See also: 1920s in comics, other events of the 1930s, 1940s in comics and the list of years in comics

Publications: 1930 - 1931 - 1932 - 1933 - 1934 - 1935 - 1936 - 1937 - 1938 - 1939

==Publications==

===1930===

- September 8: Debut of Blondie by Chic Young.

===1931===

  - April 17: In E.C. Segar's Thimble Theatre Popeye first quotes his classic line: "I yam what I yam an' tha's all I yam."
  - June 26: In E.C. Segar's Thimble Theatre spinach is introduced as the source of Popeye's power.
  - October 4: Debut of Dick Tracy by Chester Gould.

===1932===

- March 20: In E. C. Segar's Thimble Theatre, J. Wellington Wimpy first says "I would gladly pay you Tuesday for a hamburger today.

===1933===

- Eastern Color Printing begins business as a publisher of comic books. Historians consider Famous Funnies, printed this year by Eastern in tandem with Dell Comics, to be the first modern comic book, though this one was mostly a test giveaway at Woolworth's Department Stores.
- July 14: The Fleischer Studios animated debut of Popeye, in the Betty Boop short Popeye the Sailor.

===1934===

- May: Famous Funnies (cover dated July) is relaunched by Eastern Color and becomes the first full-color comic book sold to the public.
- August 13: Al Capp's Li'l Abner debuts.
- September: Rube Goldberg's Boob McNutt comic strip ends.
- Autumn: National Allied Publications, Inc., one of the two companies to eventually become National Comics Publications (later DC Comics), forms.
- October 22: Milton Caniff's Terry and the Pirates debuts.

===1935===

- February: National Allied Publications published New Fun Comics, which was the first comic book to contain wholly original material rather than reprints of newspaper comic strips. The series would go on to debut the characters Doctor Fate, Aquaman, Green Arrow, and The Spectre.
- December: New Comics, which would be retitled to New Adventure Comics and then Adventure Comics, debuted from National Allied Publications.
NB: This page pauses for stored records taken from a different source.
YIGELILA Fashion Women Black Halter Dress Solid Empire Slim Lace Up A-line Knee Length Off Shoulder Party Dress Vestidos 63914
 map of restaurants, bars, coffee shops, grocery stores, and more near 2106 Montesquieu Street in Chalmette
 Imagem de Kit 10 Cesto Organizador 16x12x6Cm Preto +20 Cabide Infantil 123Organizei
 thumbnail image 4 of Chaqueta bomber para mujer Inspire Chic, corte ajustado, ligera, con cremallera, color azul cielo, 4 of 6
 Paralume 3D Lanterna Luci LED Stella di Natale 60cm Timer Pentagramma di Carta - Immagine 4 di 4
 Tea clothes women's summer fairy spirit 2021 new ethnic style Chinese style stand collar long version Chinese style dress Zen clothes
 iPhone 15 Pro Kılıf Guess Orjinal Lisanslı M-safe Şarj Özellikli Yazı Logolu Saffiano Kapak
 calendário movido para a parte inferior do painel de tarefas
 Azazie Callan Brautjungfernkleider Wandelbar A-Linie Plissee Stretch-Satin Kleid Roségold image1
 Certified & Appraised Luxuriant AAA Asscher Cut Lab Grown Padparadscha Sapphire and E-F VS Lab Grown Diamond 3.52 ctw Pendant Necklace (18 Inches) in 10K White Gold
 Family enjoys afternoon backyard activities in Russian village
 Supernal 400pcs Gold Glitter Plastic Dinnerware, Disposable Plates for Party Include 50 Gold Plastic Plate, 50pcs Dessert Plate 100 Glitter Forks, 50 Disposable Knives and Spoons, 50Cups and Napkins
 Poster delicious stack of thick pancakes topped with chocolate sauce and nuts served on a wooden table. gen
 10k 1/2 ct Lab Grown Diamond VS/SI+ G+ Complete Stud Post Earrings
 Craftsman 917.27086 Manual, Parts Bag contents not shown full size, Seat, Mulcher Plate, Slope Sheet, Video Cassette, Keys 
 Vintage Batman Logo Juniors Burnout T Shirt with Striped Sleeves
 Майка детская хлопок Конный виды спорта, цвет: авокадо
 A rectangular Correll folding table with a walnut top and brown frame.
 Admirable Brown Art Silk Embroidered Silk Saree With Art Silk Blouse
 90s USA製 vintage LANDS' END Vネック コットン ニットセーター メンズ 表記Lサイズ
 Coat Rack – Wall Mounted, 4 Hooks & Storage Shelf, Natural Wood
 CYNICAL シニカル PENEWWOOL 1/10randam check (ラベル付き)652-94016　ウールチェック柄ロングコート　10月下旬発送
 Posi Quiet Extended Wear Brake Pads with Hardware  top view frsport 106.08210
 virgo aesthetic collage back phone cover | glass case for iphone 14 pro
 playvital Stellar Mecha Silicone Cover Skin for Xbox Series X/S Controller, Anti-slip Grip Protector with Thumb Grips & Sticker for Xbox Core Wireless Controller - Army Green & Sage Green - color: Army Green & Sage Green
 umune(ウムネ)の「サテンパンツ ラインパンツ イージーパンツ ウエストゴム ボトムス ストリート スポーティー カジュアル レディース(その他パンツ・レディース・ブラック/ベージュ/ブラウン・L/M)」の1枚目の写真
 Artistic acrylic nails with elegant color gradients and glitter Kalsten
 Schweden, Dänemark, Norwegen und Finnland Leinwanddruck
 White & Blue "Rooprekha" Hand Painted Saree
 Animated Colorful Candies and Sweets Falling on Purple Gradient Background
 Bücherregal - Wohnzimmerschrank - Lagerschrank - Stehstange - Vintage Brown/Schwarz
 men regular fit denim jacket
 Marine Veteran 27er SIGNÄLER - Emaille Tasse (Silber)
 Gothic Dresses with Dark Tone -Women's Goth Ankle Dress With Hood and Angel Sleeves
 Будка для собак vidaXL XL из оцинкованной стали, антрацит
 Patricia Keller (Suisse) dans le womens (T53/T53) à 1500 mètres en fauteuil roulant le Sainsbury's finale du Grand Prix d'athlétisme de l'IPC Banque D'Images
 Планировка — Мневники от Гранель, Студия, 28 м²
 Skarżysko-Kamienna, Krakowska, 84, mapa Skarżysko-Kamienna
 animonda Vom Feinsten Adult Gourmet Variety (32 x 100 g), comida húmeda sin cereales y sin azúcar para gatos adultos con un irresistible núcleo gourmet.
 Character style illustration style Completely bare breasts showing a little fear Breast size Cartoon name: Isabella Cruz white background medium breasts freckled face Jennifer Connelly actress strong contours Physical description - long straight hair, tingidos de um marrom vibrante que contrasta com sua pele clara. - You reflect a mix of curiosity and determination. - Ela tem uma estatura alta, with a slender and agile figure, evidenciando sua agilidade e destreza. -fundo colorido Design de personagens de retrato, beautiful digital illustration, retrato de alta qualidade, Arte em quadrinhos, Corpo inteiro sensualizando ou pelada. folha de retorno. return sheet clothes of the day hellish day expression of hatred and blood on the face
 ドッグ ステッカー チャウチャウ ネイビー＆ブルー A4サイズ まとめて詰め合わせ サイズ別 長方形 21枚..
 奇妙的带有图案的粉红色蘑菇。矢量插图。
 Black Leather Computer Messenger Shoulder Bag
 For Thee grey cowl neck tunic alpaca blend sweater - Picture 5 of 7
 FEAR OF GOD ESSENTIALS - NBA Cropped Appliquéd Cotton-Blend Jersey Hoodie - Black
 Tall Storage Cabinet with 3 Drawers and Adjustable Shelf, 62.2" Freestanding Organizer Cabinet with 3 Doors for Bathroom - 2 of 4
The series would later feature the debuts of Hourman, Sandman, Starman, and Jack Kirby's Manhunter.

===1937===

- March: National Comics Publications begins publication of Detective Comics. Batman would debut in issue #27, National became so well known for the series that they changed their name to DC Comics, and the series would run continuously until 2011, becoming the longest continuously published comic series in American history.
- October 17: Huey, Dewey, and Louie first appear in Al Taliaferro's Donald Duck comic strip.

===1938===

- June: National Comics Publications publishes Action Comics #1, the first appearance of Superman. The comic launched the superhero industry and along with company title Detective Comics, became one of the longest running comic book titles, with continuous publication since 1938 (with a minor gap from 2011-2016).

===1939===

- Many influential comics companies, including Archie Comics, Fawcett Comics, Fox Feature Syndicate, Lev Gleason Publications, Quality Comics, and Timely Comics (later Marvel) were founded this year.
- May: First appearances of Batman and James Gordon in Detective Comics #27.
- August: Publication of Mystery Men Comics by Fox Feature Syndicate begins, debuting the Blue Beetle (as Dan Garret).
- October: Timely Comics publishes Marvel Comics #1, renamed next issue to Marvel Mystery Comics. The original Human Torch and Namor the Sub-Mariner debut in this issue.